Pour faciliter les opérations de maintenance, les paliers sont fixés sur le demi-corps fixe, ce qui assure aussi bien la possibilité de visiter la pompe, le rotor en place, que l'interchangeabilité d'un rotor complet équipé de ses bagues et de ses paliers.
L’ENSEMBLE MOTEUR-VARIATEUR
L'entraînement de la pompe est assuré par un moteur vertical Jeumont-Schneider d’une puissance nominale de 6 800 kW (figure 6) alimenté en 15 000
Volts, à vitesse variable (avec accouplement pompe-moteur réalisé par cardan). Le variateur Jeumont-Schneider (du type Jisflow) fonctionne sous la même tension par l’intermédiaire d’un transformateur d’adaptation d’une puissance nominale de 2 300 kVA. La relation variateur-moteur est assurée par un démarreur.
L’ensemble moteur-variateur comprend essentiellement : le moteur, le transformateur d’adaptation, l’armoire des condensateurs pour la compensation du cosinus phi, l’armoire de démarrage et d’aiguillage, le rhéostat de démarrage, l’armoire Jisflow (puissance, redresseur et onduleur, contrôle, régulation allumage, protections) (figure 7), l’inductance de lissage dans le circuit continu établi entre redresseur et onduleur.
Fonctions
L’ensemble moteur-variateur doit satisfaire aux impératifs suivants :
— Assurer à chaque instant le débit d’eau demandé par l’exploitant avec le maximum de souplesse tout en conservant un rendement global optimum ;
— Tenir compte des contraintes électriques, de manière à demander l’énergie au réseau dans les conditions les plus favorables (contrat jour pointe – pointes de démarrage – facteur de puissance – rendement) ;
— Réduire les contraintes mécaniques dans les conduites hydrauliques en limitant le courant de démarrage et les à-coups ;
— Améliorer la conduite d’exploitation par une excellente régulation en marche à vitesse variable ;
— Passer en cas de besoin à la marche à vitesse nominale ;
— Autoriser une marche à vitesse ajustable sur le rhéostat en cas d’indisponibilité du variateur et de nécessité d’exploitation ;
— Permettre une maintenance rapide et simplifiée.

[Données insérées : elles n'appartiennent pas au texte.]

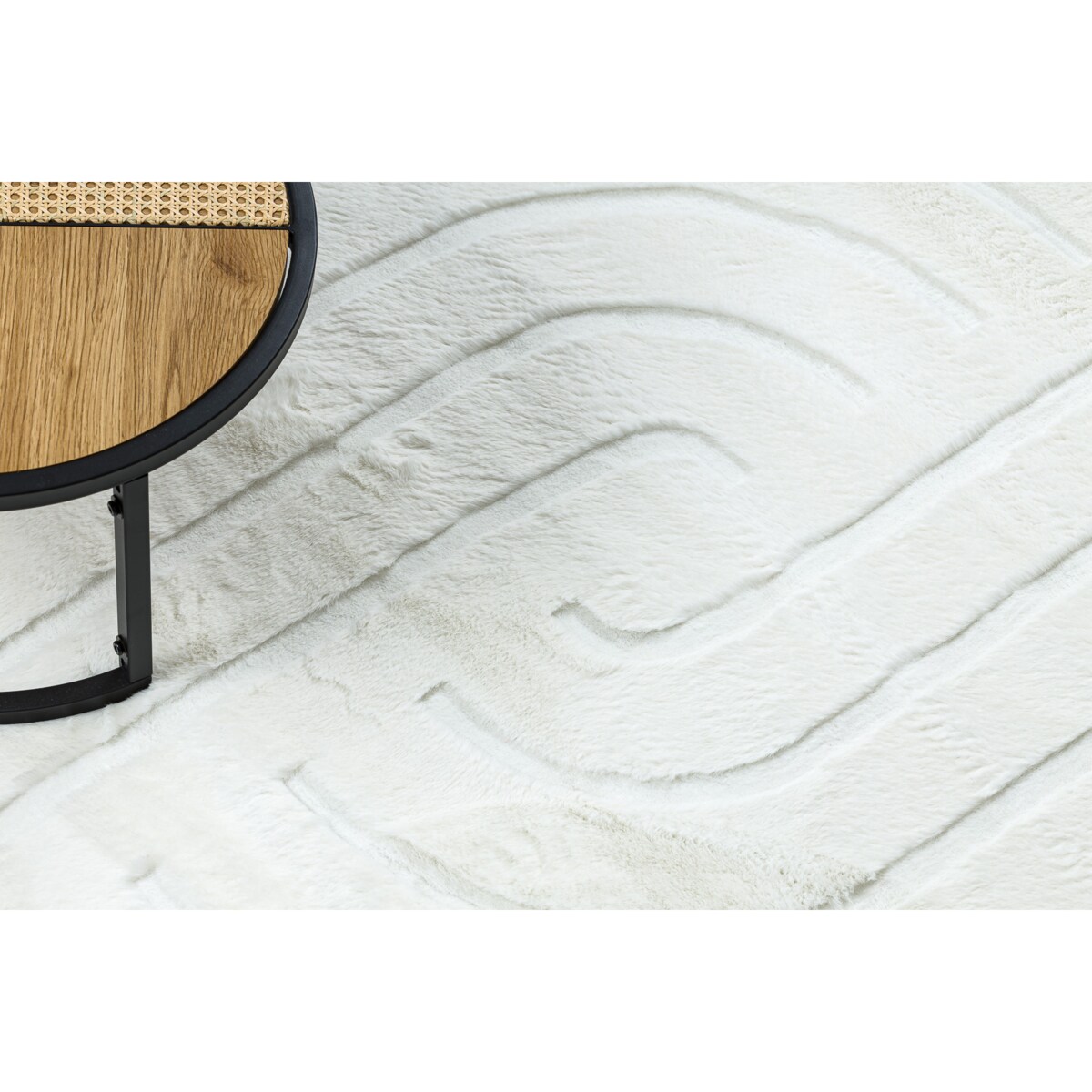 Dywan CURVY biały 11 Curves do prania, 80x150 cm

Sa souplesse de fonctionnement permet d’accroître la durée de vie de l’ensemble du matériel, tant électrique, mécanique qu’hydraulique.

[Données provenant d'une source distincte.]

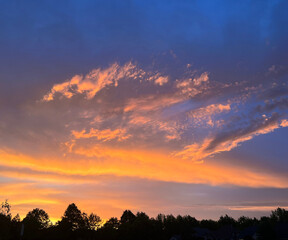 blue sky orange clouds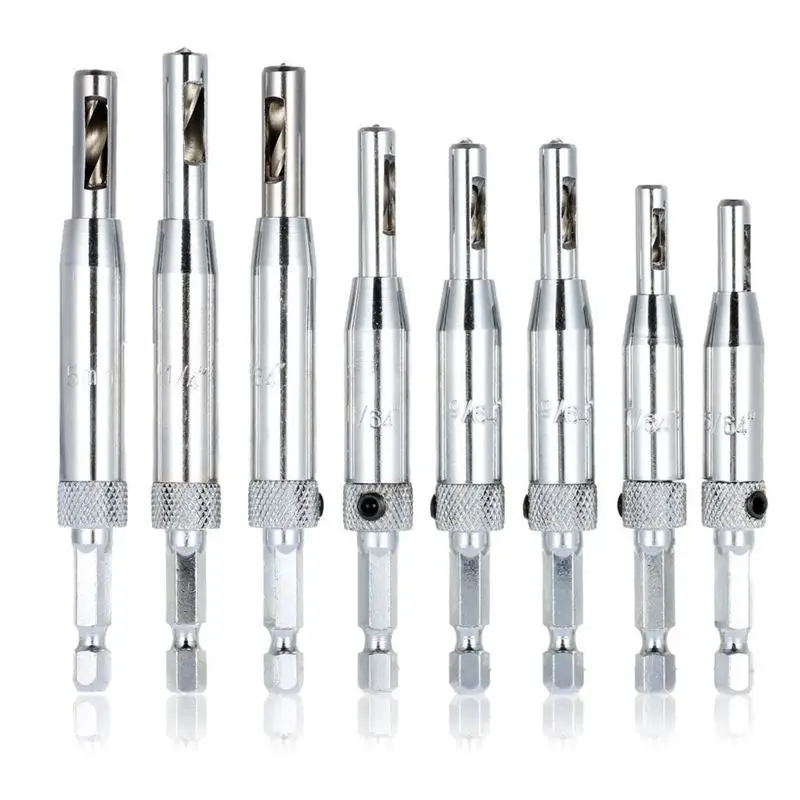 8 Pcs Center Drill Bit Set, Self Centering Hinge Tapper Core Hole Puncher Woodworking Tools Cabinet Door 5/64 Inch 7/64 Inch 9
8 Pcs Center Drill Bit Set, Self Centering Hinge Tapper Core Hole Puncher Woodworking Tools Cabinet Door 5/64 Inch 7/64 Inch 9
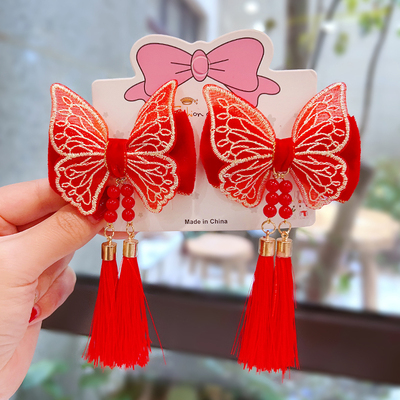 taobao agent 古风刺绣蝴蝶红色发夹中国风儿童小女孩汉服流苏头饰宝宝新年发卡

Principe de fonctionnement
Démarrage :
Le démarreur (figure 8) est inséré dans le circuit rotorique du moteur bobiné à bagues ; dès la mise sous tension du stator-moteur le démarreur assure dans tous les cas le démarrage du groupe. Dans le cas d’une marche avec régulation de vitesse, le démarreur amène le groupe à une vitesse d’environ 600 tours par minute (seuil de prise en charge par le Jisflow).
Marche à vitesse nominale :
Le démarreur est commandé en vitesse croissante jusqu’au voisinage de la vitesse nominale du groupe, soit
environ 740 tours par minute (seuil d’enclenchement du court-circuitage rotor).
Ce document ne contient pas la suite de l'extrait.